What to do
The lines below, from the one holding "Tolwak غطاء حماية ريسك لهاتف فيفو V50 لايت" through the final line, are to be copied exactly, with no other lines and no pictures.

Provided data
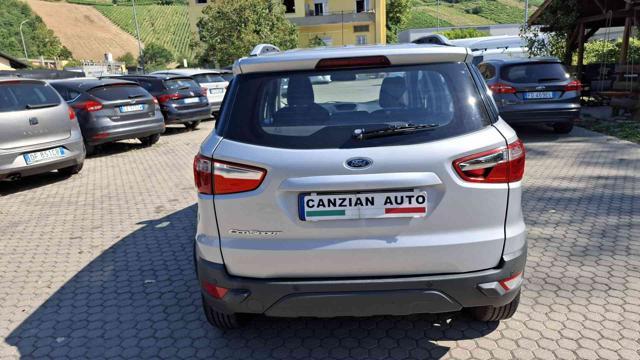 FORD EcoSport 1.5 TDCi Titanium UNICO PROPRIETARIO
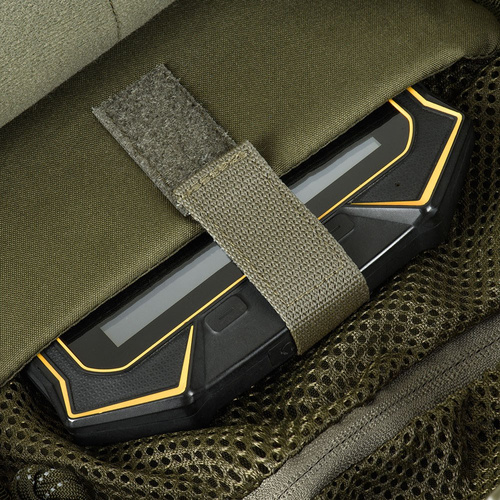 M-Tac - Сумка на пряжці Elite Hex - Cordura 500D - Ranger Green - 10143023 - Сумки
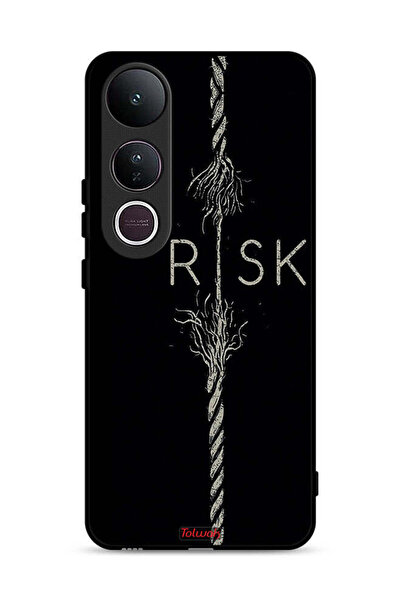 Tolwak غطاء حماية ريسك لهاتف فيفو V50 لايت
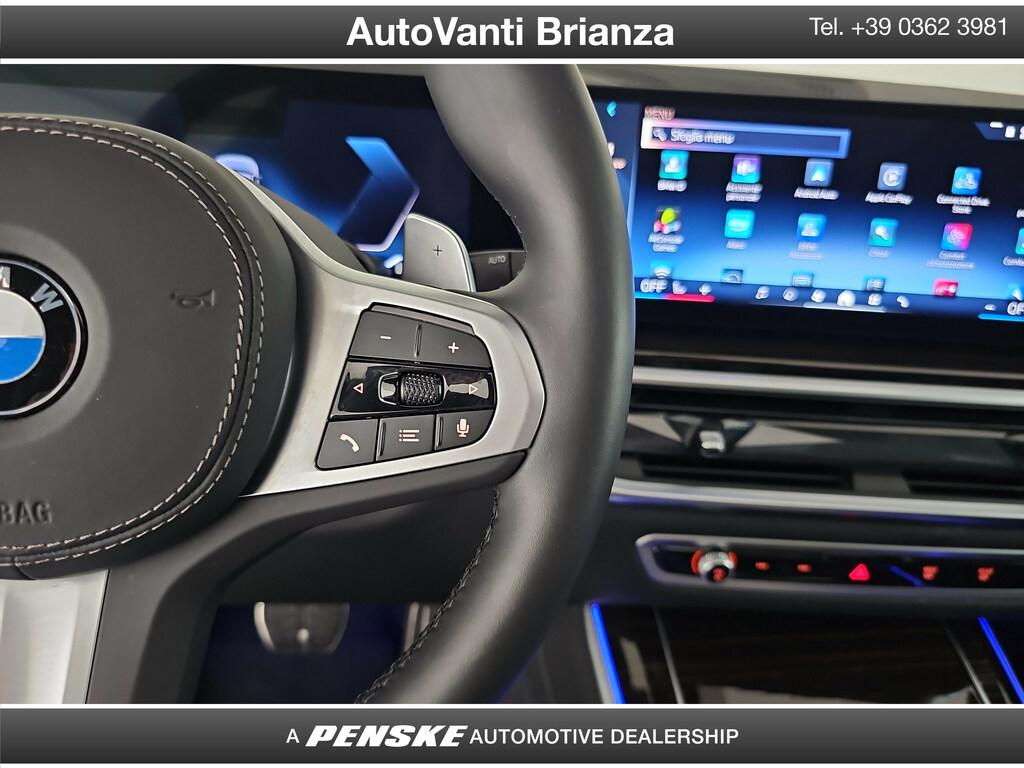 BMW X5 xdrive30d MSport Pro auto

Written solution
 Tolwak غطاء حماية ريسك لهاتف فيفو V50 لايت
 BMW X5 xdrive30d MSport Pro auto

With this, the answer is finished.